All this allowed me to systematize my findings according to the different disaster management phases and the 4 key priorities of action as identified by the Sendai Framework (UNISDR, 2015). Using these conceptual lenses, I could thus further explore, verify, and conceptualise the main constraints that, according to the findings from my ethnographic work in the field, potentially undermined effective application of SIA (as enhanced by action research), and of any community resilience-building strategies in each disaster management phase. All this also oriented my further retrospective interviewing I conducted again in the field between January and February 2017, with people who were key local actors among residents of local villages and suburbs, of the local scientific community, and the local governance during the time the State of Emergency remained in force.

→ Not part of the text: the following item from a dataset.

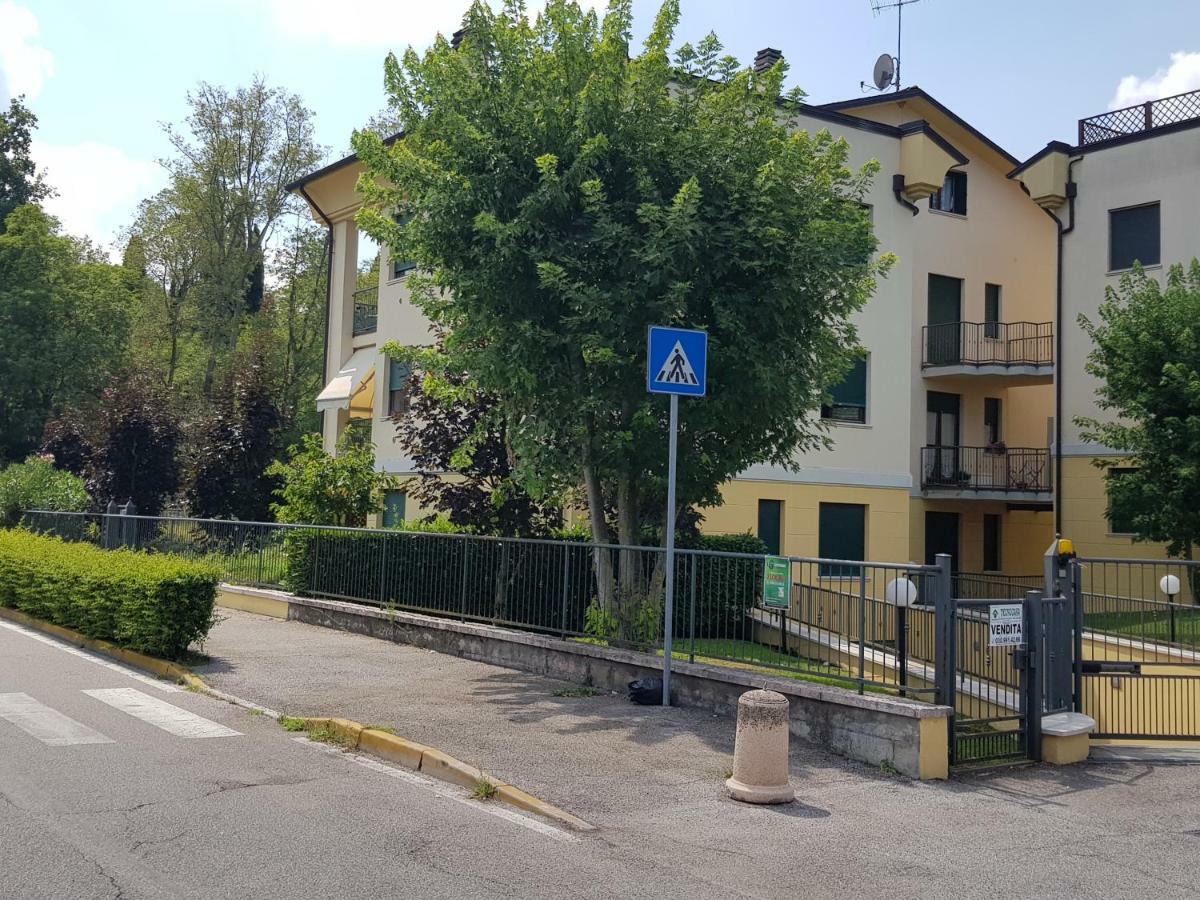 Appartamento Diamantina Desenzano del Garda Ngoại thất bức ảnh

Document, photo and media analysis and triangulation of data

Finally, I triangulated the data from (1) the participant observation, analytic autoethnography and action anthropology I conducted overtime in the field as a reflexive CMR, and (2) from my systematic, retrospective interviewing, with a thorough analysis of the ordinances and decrees issued by the national government, the national civil protection and regional, provincial and municipal authorities, of several trial documents, with photo and media analysis and the analysis of other kind of documents I could gather from local key informants. More specifically, I analysed government and civil protection ordinances and decrees issued by the then President of the Council of Ministers, Silvio Berlusconi, and the then Chief of the national Civil Protection Service, Guido Bertolaso. I also focused on how these ordinances provided local authorities with emergency powers and derogation from ordinary laws and anti-mafia controls. I also analysed mayoral ordinances and decrees related to safety measure implementation and demolitions, and the initial post-disaster reconstruction policies and interventions.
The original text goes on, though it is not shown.